'''
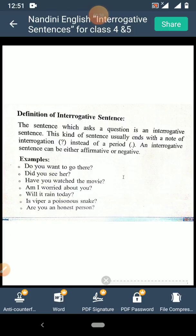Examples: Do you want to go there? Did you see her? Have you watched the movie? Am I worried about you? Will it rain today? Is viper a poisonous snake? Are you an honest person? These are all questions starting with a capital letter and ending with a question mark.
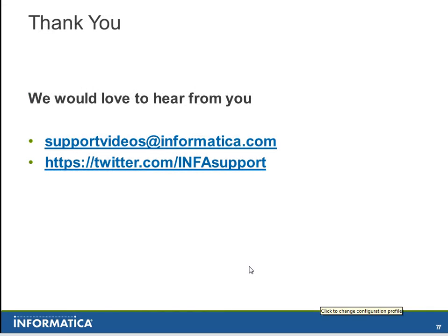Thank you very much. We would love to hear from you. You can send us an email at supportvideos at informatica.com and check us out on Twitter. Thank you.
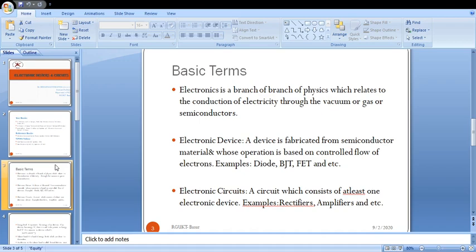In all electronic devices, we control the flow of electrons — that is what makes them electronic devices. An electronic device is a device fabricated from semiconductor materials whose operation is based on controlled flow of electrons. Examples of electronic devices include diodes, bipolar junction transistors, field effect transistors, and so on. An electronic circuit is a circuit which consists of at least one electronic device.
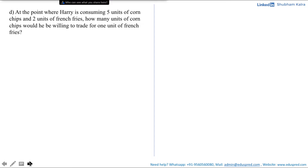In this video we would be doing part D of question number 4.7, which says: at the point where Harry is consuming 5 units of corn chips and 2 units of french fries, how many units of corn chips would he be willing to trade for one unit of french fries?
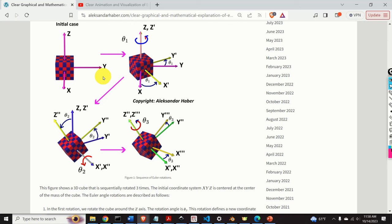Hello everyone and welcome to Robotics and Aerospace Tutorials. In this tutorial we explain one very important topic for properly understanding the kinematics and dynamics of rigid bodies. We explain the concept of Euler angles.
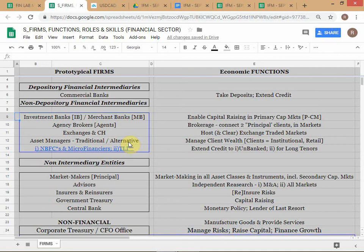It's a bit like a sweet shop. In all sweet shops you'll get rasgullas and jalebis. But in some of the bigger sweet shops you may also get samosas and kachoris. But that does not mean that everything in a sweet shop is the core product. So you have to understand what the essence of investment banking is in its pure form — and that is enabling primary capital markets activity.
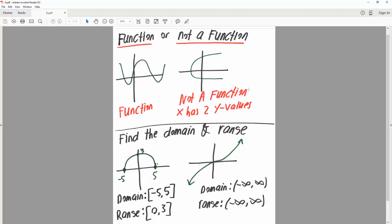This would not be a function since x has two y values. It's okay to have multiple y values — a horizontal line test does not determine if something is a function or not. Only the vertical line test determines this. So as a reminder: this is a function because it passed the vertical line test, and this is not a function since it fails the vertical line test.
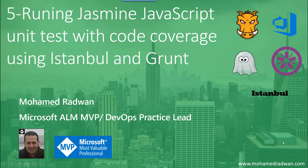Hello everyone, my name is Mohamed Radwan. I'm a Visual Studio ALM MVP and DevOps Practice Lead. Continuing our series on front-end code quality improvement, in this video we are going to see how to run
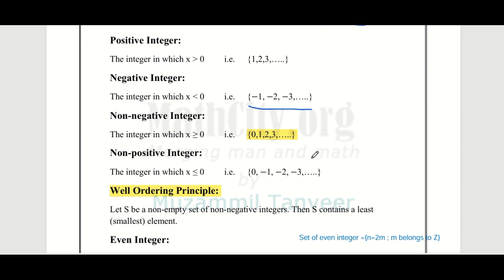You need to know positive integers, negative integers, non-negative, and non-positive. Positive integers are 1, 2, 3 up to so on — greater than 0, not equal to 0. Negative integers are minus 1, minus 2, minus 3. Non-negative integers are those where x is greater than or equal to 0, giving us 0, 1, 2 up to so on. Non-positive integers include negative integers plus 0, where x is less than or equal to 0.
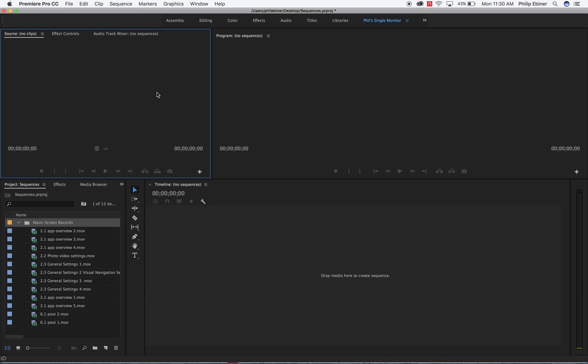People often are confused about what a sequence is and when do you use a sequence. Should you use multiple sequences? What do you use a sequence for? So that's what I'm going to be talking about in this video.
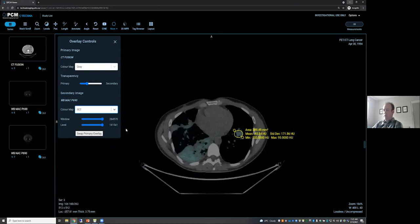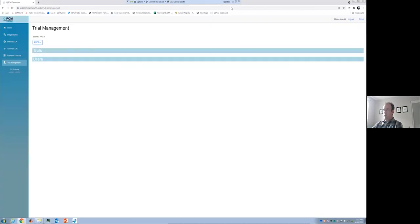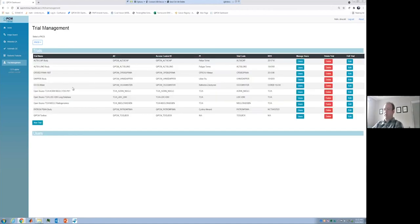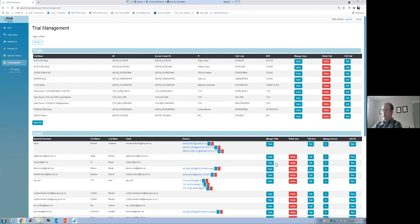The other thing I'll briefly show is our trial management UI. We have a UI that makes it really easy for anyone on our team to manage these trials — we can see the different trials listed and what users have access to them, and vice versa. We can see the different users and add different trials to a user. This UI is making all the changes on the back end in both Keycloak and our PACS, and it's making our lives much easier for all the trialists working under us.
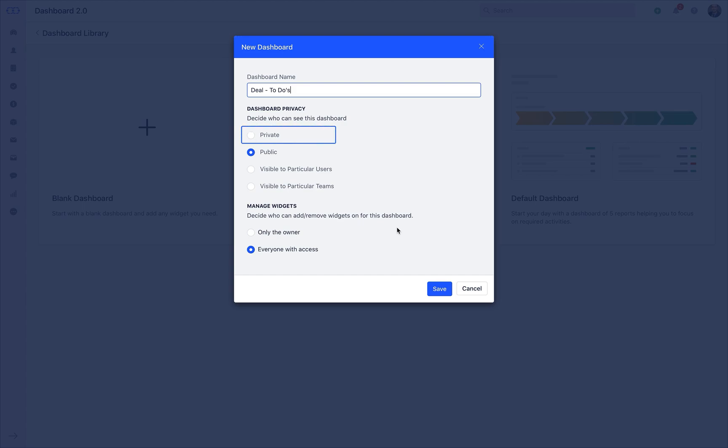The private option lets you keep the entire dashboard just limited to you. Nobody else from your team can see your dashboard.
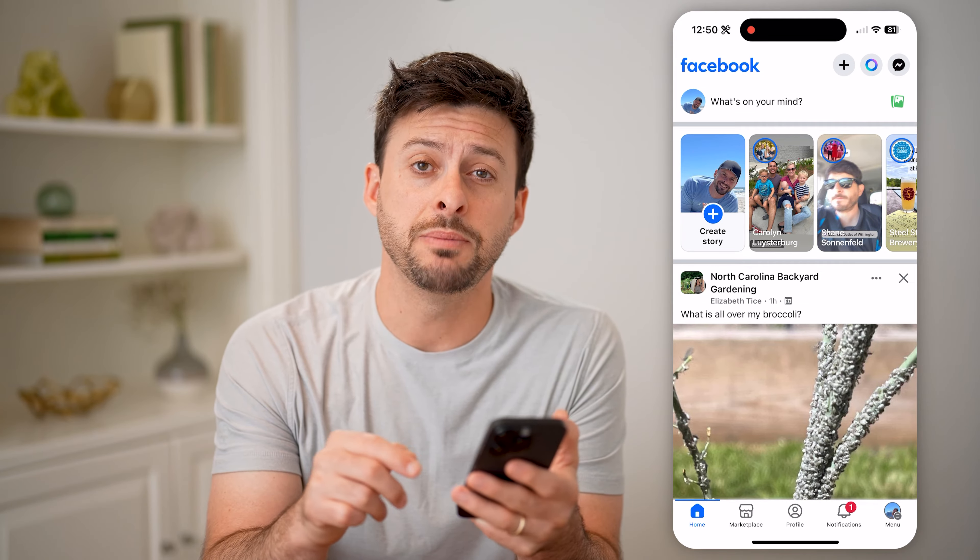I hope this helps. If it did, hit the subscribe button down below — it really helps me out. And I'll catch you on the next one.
'''
Problem requirements – Write out an exact copy of the listing, first line through the line containing "It's a bit like", with the pictures left out.

Response –
Examples: Do you want to go there? Did you see her? Have you watched the movie? Am I worried about you? Will it rain today? Is viper a poisonous snake? Are you an honest person? These are all questions starting with a capital letter and ending with a question mark.
Thank you very much. We would love to hear from you. You can send us an email at supportvideos at informatica.com and check us out on Twitter. Thank you.
In all electronic devices, we control the flow of electrons — that is what makes them electronic devices. An electronic device is a device fabricated from semiconductor materials whose operation is based on controlled flow of electrons. Examples of electronic devices include diodes, bipolar junction transistors, field effect transistors, and so on. An electronic circuit is a circuit which consists of at least one electronic device.
In this video we would be doing part D of question number 4.7, which says: at the point where Harry is consuming 5 units of corn chips and 2 units of french fries, how many units of corn chips would he be willing to trade for one unit of french fries?
Hello everyone and welcome to Robotics and Aerospace Tutorials. In this tutorial we explain one very important topic for properly understanding the kinematics and dynamics of rigid bodies. We explain the concept of Euler angles.
It's a bit like a sweet shop. In all sweet shops you'll get rasgullas and jalebis. But in some of the bigger sweet shops you may also get samosas and kachoris. But that does not mean that everything in a sweet shop is the core product. So you have to understand what the essence of investment banking is in its pure form — and that is enabling primary capital markets activity.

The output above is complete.